YOUR GOAL:
Go through the data and tally the lines that include "available". The reply is that number alone.

SOURCE MATERIAL:
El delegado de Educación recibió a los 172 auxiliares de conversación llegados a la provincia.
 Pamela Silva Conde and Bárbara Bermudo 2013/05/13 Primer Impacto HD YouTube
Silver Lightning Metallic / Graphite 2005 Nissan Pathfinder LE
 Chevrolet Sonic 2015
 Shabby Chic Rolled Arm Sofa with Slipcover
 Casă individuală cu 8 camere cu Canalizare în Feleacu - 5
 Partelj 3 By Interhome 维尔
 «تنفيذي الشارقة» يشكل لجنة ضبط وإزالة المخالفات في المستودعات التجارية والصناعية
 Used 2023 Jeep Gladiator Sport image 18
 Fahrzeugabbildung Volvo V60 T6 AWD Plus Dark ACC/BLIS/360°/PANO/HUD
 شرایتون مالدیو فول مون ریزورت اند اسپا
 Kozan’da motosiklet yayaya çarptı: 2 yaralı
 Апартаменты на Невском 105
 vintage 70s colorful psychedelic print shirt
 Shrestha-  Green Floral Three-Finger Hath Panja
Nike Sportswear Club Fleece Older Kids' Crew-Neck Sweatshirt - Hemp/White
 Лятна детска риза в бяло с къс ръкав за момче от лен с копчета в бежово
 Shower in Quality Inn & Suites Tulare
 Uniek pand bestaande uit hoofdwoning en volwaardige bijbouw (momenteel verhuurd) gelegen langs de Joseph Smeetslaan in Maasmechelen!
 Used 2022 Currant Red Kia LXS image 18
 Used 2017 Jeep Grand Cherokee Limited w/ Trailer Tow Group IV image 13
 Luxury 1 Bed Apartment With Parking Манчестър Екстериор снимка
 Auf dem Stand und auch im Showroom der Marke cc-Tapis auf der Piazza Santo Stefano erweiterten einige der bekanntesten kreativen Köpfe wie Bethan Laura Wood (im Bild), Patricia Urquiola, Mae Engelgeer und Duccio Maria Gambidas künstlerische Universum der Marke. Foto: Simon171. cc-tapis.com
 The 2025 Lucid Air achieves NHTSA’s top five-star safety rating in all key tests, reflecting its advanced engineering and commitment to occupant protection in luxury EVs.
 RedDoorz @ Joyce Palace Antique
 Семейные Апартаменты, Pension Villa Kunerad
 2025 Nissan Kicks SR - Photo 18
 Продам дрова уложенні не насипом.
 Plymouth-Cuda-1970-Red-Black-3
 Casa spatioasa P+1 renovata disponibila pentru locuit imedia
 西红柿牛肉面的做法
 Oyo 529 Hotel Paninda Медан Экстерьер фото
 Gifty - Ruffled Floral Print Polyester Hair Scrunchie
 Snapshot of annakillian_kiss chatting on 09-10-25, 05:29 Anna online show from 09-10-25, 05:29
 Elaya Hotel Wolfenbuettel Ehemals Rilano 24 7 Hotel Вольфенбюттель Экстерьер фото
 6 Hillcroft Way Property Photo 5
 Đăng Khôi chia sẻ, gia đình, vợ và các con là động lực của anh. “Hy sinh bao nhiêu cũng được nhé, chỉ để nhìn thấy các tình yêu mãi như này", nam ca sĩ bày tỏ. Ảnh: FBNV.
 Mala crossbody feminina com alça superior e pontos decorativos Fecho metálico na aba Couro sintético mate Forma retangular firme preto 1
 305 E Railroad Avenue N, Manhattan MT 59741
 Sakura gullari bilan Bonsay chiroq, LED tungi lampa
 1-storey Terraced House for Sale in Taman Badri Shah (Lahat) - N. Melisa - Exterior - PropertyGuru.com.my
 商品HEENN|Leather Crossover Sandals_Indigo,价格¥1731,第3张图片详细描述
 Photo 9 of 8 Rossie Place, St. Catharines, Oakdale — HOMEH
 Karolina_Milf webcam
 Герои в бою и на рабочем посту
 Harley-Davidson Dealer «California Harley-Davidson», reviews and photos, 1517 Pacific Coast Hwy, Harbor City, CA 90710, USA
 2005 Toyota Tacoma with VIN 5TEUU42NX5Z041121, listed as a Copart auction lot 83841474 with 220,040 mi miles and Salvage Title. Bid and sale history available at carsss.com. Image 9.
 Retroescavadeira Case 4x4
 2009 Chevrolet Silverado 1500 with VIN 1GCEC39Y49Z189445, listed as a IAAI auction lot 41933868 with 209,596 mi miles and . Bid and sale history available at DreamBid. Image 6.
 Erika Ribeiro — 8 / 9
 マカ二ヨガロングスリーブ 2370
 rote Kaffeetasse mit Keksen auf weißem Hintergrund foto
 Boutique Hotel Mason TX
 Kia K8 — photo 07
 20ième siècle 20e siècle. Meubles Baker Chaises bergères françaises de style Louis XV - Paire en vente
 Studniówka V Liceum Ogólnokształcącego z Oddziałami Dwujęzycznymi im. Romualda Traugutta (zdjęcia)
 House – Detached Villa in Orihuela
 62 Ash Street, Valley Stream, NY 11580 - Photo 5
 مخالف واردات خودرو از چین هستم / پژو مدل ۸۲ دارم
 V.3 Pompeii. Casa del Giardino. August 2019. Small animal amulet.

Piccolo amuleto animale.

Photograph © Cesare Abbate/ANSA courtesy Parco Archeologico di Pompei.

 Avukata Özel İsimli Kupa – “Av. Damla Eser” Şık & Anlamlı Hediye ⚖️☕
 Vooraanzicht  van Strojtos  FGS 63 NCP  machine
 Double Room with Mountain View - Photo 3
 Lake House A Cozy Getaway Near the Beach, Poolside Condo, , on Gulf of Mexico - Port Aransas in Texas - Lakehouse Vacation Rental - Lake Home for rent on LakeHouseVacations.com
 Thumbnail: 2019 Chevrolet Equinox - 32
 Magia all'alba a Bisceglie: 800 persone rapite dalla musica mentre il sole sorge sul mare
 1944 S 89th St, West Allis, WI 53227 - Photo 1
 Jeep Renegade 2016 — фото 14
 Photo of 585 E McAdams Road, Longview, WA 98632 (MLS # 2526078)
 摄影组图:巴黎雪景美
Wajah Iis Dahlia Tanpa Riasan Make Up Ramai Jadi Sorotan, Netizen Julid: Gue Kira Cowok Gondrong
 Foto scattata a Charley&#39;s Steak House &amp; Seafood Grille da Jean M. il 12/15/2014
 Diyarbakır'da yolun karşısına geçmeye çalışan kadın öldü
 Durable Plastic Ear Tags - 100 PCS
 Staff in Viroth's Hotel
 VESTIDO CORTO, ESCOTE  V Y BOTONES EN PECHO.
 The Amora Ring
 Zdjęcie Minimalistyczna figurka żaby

ANSWER BOX:
2